# Your task:
Reproduce the records exactly, but not the pictures.

# Data for analysis:
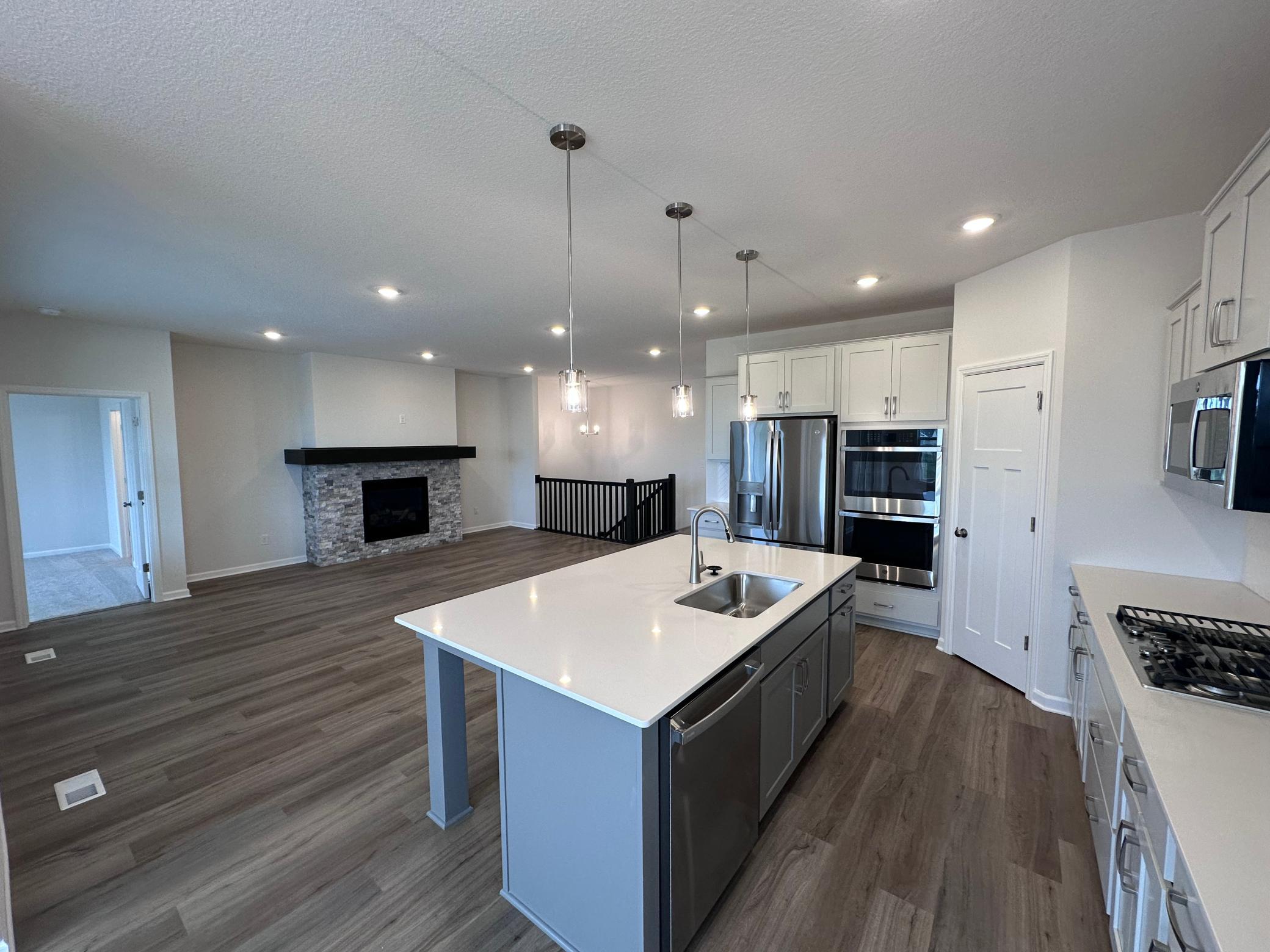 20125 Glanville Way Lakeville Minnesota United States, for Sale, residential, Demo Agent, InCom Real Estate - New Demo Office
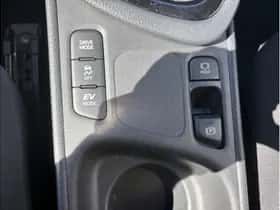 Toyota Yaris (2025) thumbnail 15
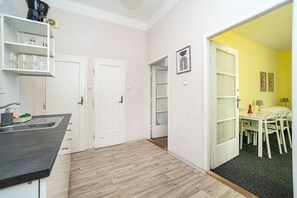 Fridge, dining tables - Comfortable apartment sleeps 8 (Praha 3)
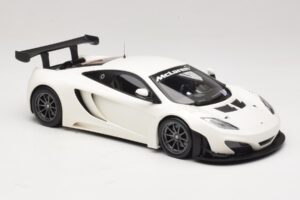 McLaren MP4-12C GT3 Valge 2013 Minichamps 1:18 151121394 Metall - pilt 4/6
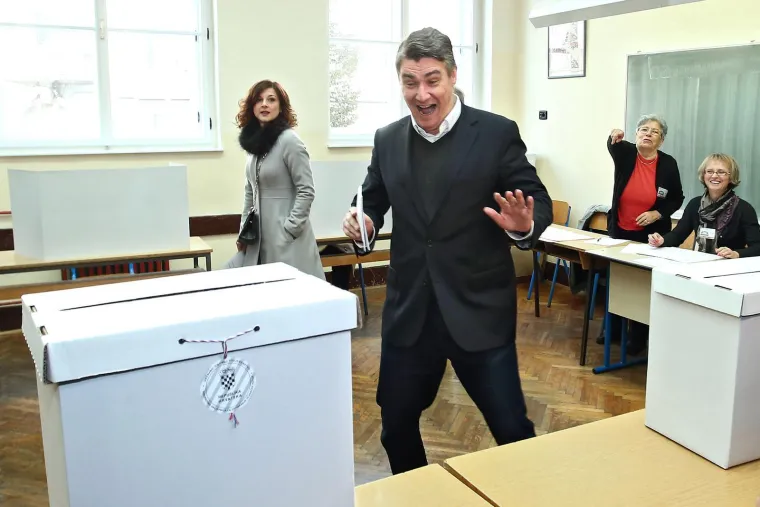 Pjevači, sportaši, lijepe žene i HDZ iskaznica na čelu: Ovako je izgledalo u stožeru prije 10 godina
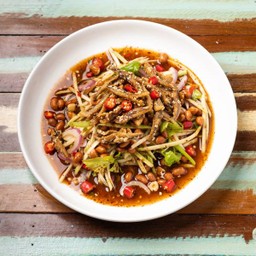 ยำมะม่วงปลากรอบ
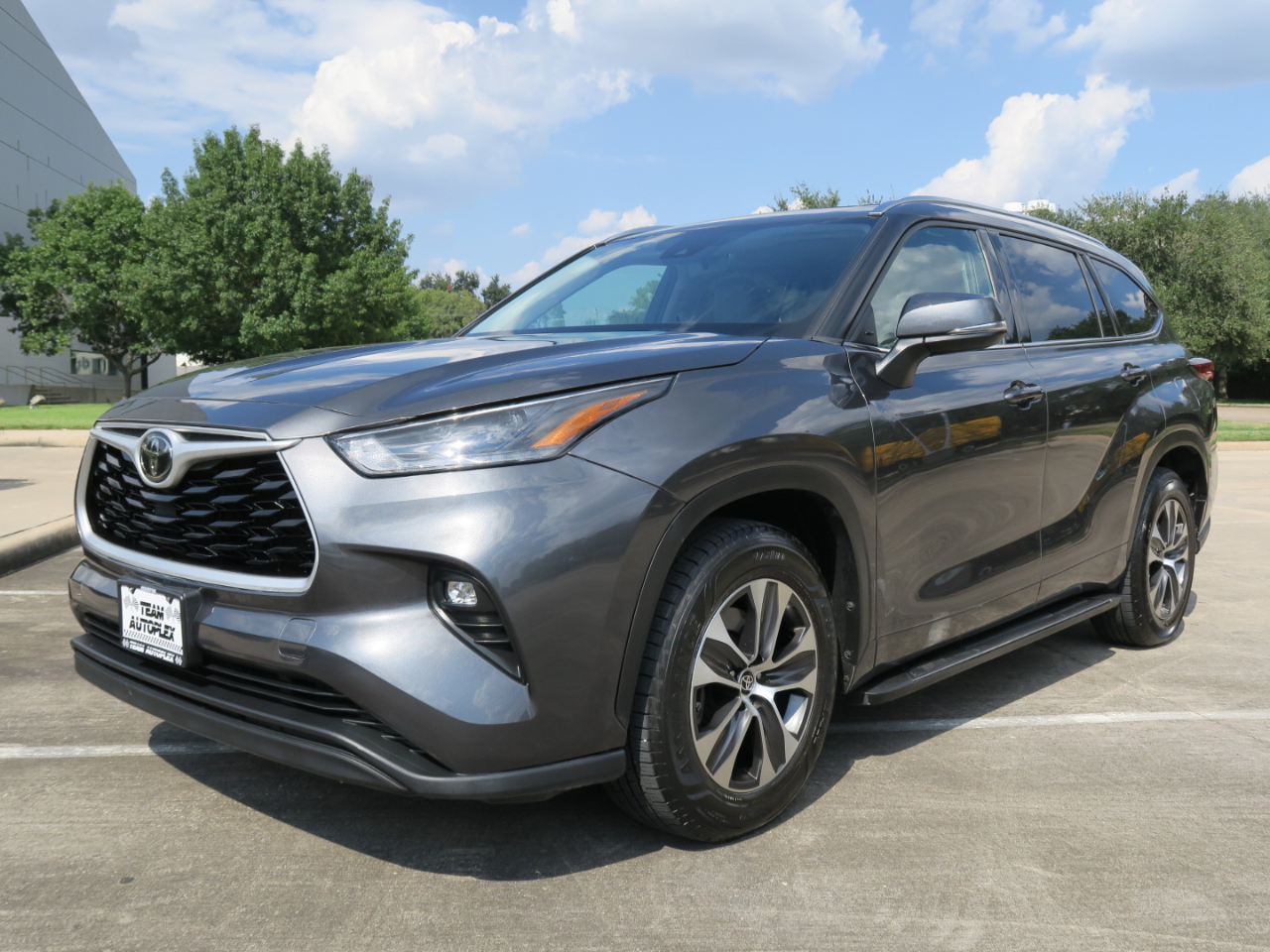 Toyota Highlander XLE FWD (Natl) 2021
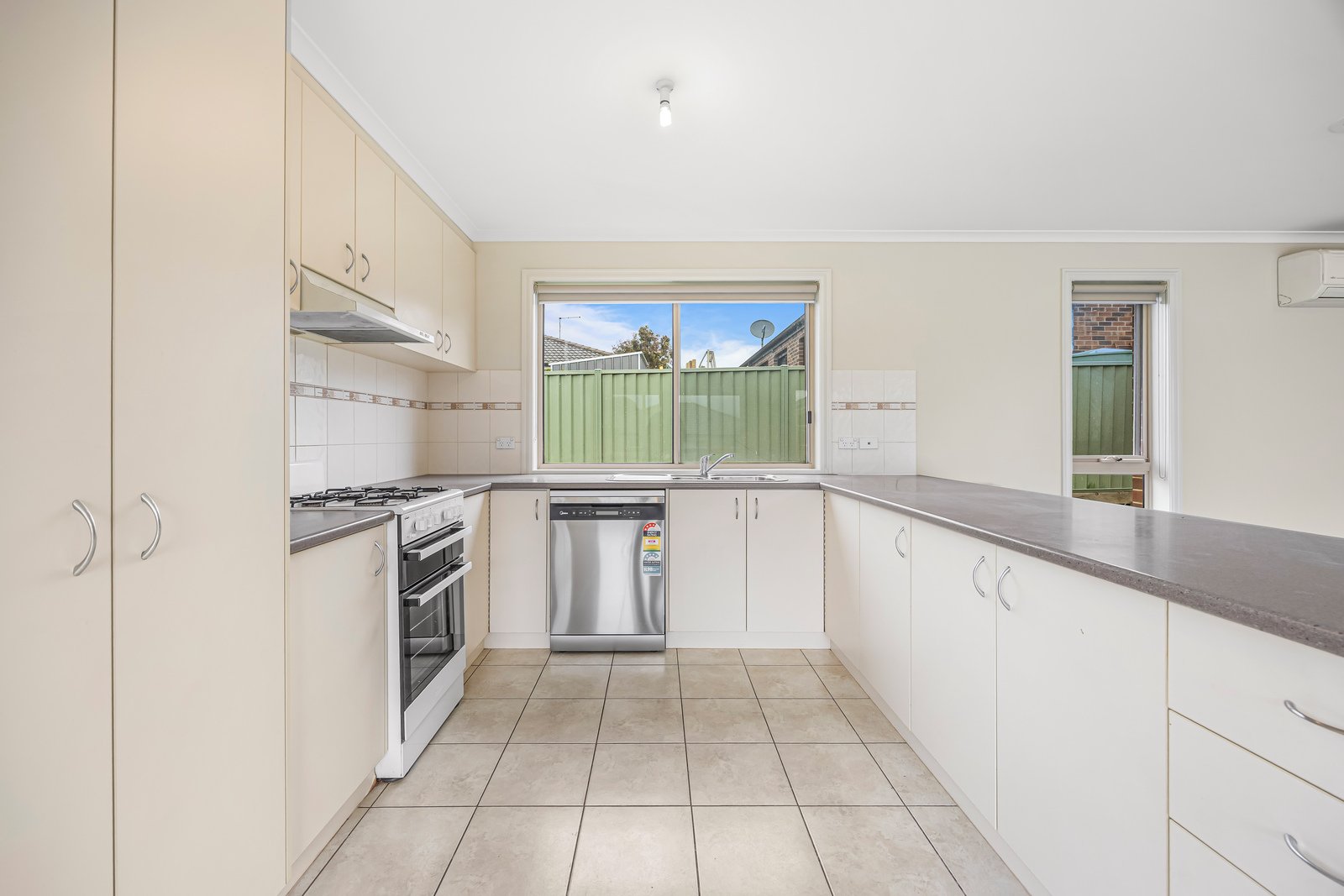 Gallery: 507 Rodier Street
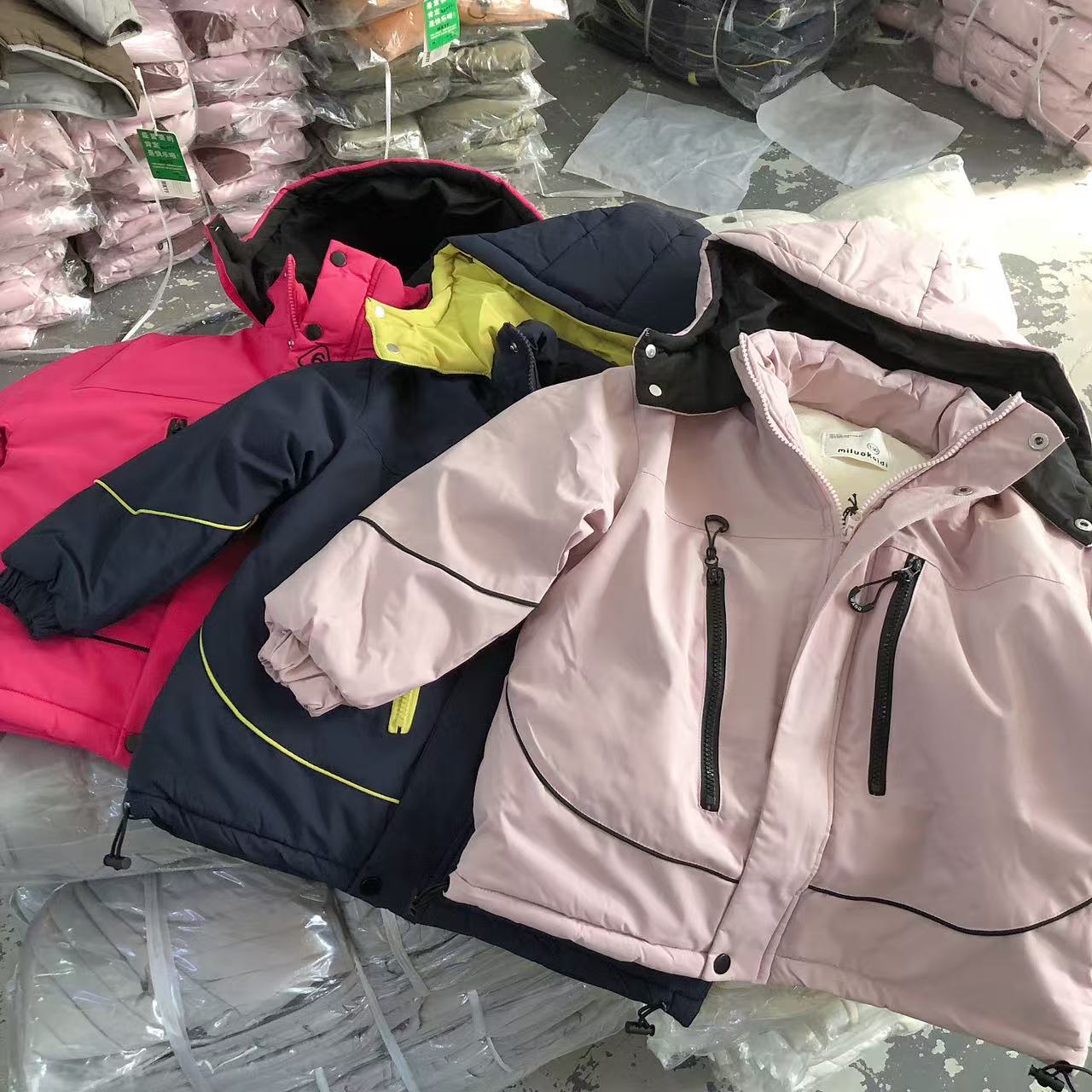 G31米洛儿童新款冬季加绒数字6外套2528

# Response to this task:
 20125 Glanville Way Lakeville Minnesota United States, for Sale, residential, Demo Agent, InCom Real Estate - New Demo Office
 Toyota Yaris (2025) thumbnail 15
 Fridge, dining tables - Comfortable apartment sleeps 8 (Praha 3)
 McLaren MP4-12C GT3 Valge 2013 Minichamps 1:18 151121394 Metall - pilt 4/6
 Pjevači, sportaši, lijepe žene i HDZ iskaznica na čelu: Ovako je izgledalo u stožeru prije 10 godina
 ยำมะม่วงปลากรอบ
 Toyota Highlander XLE FWD (Natl) 2021
 Gallery: 507 Rodier Street
 G31米洛儿童新款冬季加绒数字6外套2528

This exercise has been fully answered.